En effet, les méthodes sont plus souples, les mœurs se sont adoucies. On retrouve d’ailleurs maintenant de très nombreuses femmes dans l’univers de la pâtisserie. Les femmes composent presque la moitié de la brigade de Nicolas Paciello, notre chef-pâtissier. Si on arrive à la parité en cuisine, je serai très contente. Si ce n’est pas le cas, je ne serai pas triste pour autant. C’est un état de fait qui ne m’empêche pas de dormir.
INSPIRATIONS & INFLUENCES
Au-delà des chefs avec lesquels vous avez travaillé, êtes-vous marqué ou influencé par d’autres personnalités du monde de la cuisine ?
Jean-François Piège. Je n’ai pas travaillé avec lui, je l’ai simplement côtoyé dans Top Chef. C’est un monstre de culture, de technique, de savoir. Sa capacité à transformer ce savoir dans l’assiette avec énormément d’intelligence, d’émotion et d’intuition est impressionnante. Je suis également fan de chefs comme Pierre Gagnaire ou Alain Passard. Ce sont des géants d’élégance, de charisme, de sensibilité. Ce sont des poètes de la cuisine.
Avez-vous des souvenirs des repas particulièrement marquants ?
Chez Jean-François Piège, il se passe toujours quelque chose. Chez les non-étoilés, il y a Dersou ! J’ai tellement aimé que j’y suis retournée quinze jours plus tard. C’est une cuisine intuitive et spontanée capable de produire des plats grandioses. On mange sur un comptoir mais il y a une étoile dans l’assiette !
Est-ce que les voyages sont également une source d’inspiration pour vous ?
Bien entendu. Le pigeon à la carte est par exemple est un hommage à une pastilla de pigeon mangée à Marrakech pour les dix ans de mon fils. Les voyages sont une source d’émotions : les paysages, les odeurs, les rencontres… La quête d’un cuisinier est de reproduire une émotion vécue à un moment donné.
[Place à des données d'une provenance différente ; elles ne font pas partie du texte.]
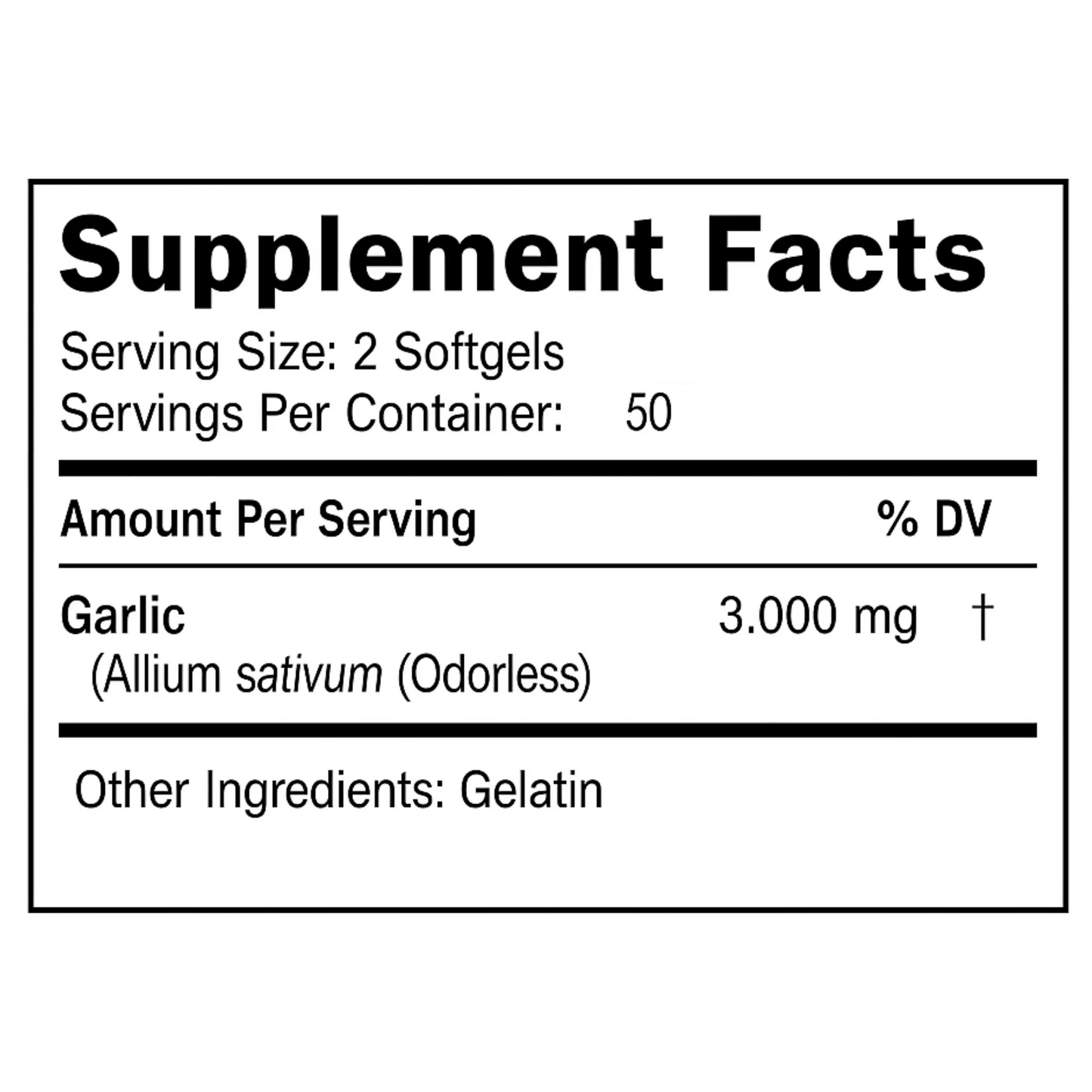 Garlic Odorless, 3000mg, 100 Softgels Manteniendo Tu Salud
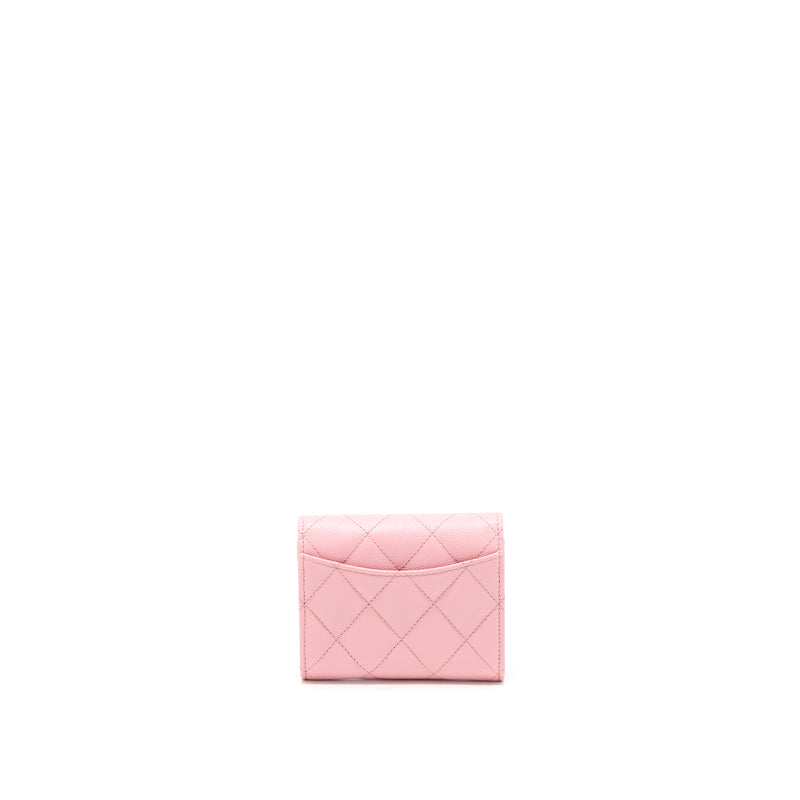 Chanel 22C Flap Card Holder with Chain Caviar Pink LGHW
C’est l’histoire éternelle de la Madeleine de Proust. Essayer de retranscrire l’émotion quand on déguste une huître dans le bassin d’Arcachon, les pieds dans l’eau avec Joël Dupuch [l’ostréiculteur aperçu dans Les Petits Mouchoirs de Guillaume Canet, NDLR], c’est compliqué.
Des restaurants où vous n’êtes encore jamais allé mais qui suscitent votre intérêt ?
Ultraviolet de Paul Pairet ! L’expérience a l’air incroyable. Et puis j’aime l’histoire du chef au projet auquel personne ne croit en France et qui finit par réussir à créer un restaurant où la Terre entière veut aller manger. Il y a une forme de justice, de revanche du travail qui me plaît. Et j’aimerais aller à L’Ambroisie [le restaurant trois-étoiles de Bernard Pacaud, place des Vosges, NDLR], qui est le seul trois-étoiles que je n’ai pas fait ici.
AUJOURD’HUI ET DEMAIN
Comment vous envisagez votre futur à La Scène ? Avez-vous des objectifs particuliers ?
Je me sens très à l’aise avec ce qu’on a construit ici. J’aimerais consolider, puis aller chercher la deuxième étoile qui est un objectif. Le lieu, le concept, les équipes méritent qu’on essaie d’y aller en tout cas Pour autant, ce n’est pas une course de vitesse. On a eu la chance d’être étoilé en neuf mois. C’était il y a deux ans seulement, il ne faut pas l’oublier. Il n’y aurait rien de pire que de décrocher la seconde étoile et de la perdre ensuite.
Le mot de la fin ?
Cela fait cinq ans que je suis au Prince de Galles et cinq années que je n’ai absolument pas vu passées, c’est bon signe ! On se lance maintenant dans les cinq prochaines. Je suis très bien ici, mon aventure s’inscrit dans la durée, il y a encore un bout de chemin à faire.